**Data below**.
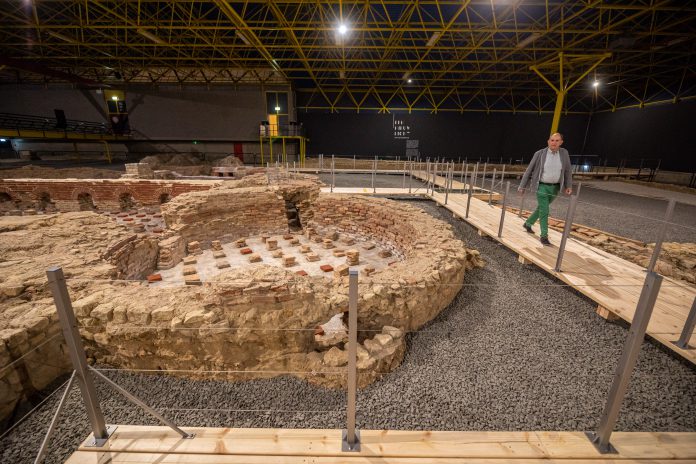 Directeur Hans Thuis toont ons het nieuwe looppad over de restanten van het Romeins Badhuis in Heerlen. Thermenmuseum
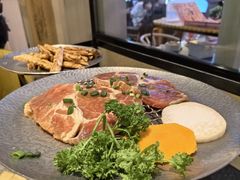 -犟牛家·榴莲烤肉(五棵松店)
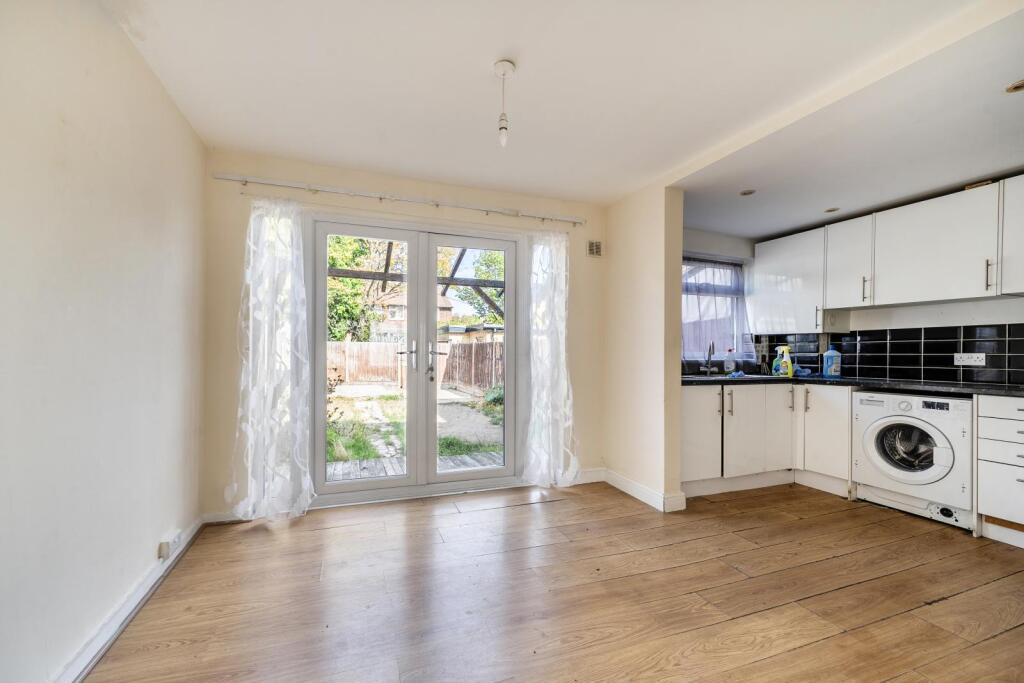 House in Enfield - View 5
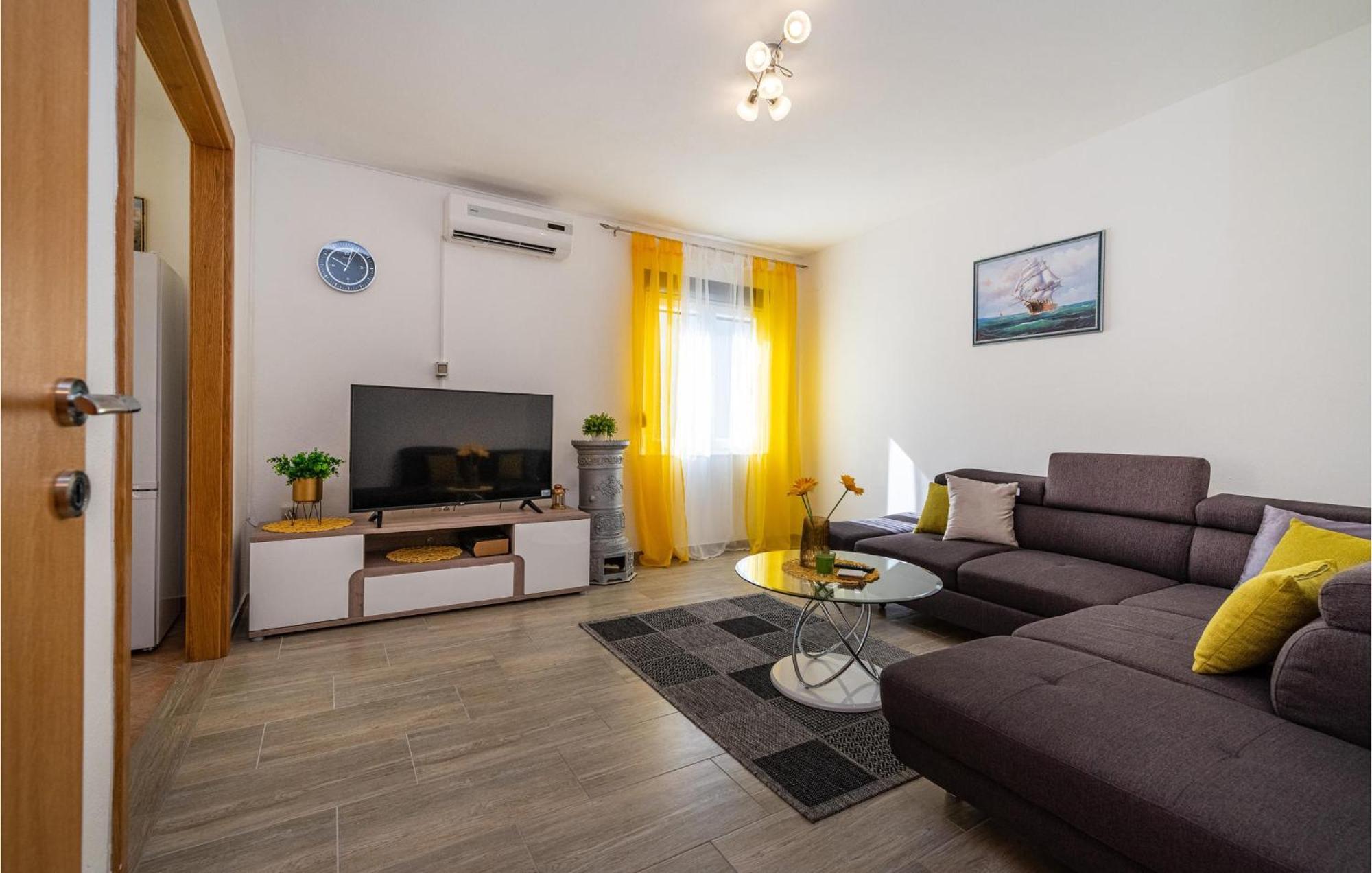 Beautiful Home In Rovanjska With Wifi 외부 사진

**Exercise instructions**. Drop the pictures, then repeat the material word for word.

**Solution to this problem**.
 Directeur Hans Thuis toont ons het nieuwe looppad over de restanten van het Romeins Badhuis in Heerlen. Thermenmuseum
 -犟牛家·榴莲烤肉(五棵松店)
 House in Enfield - View 5
 Beautiful Home In Rovanjska With Wifi 외부 사진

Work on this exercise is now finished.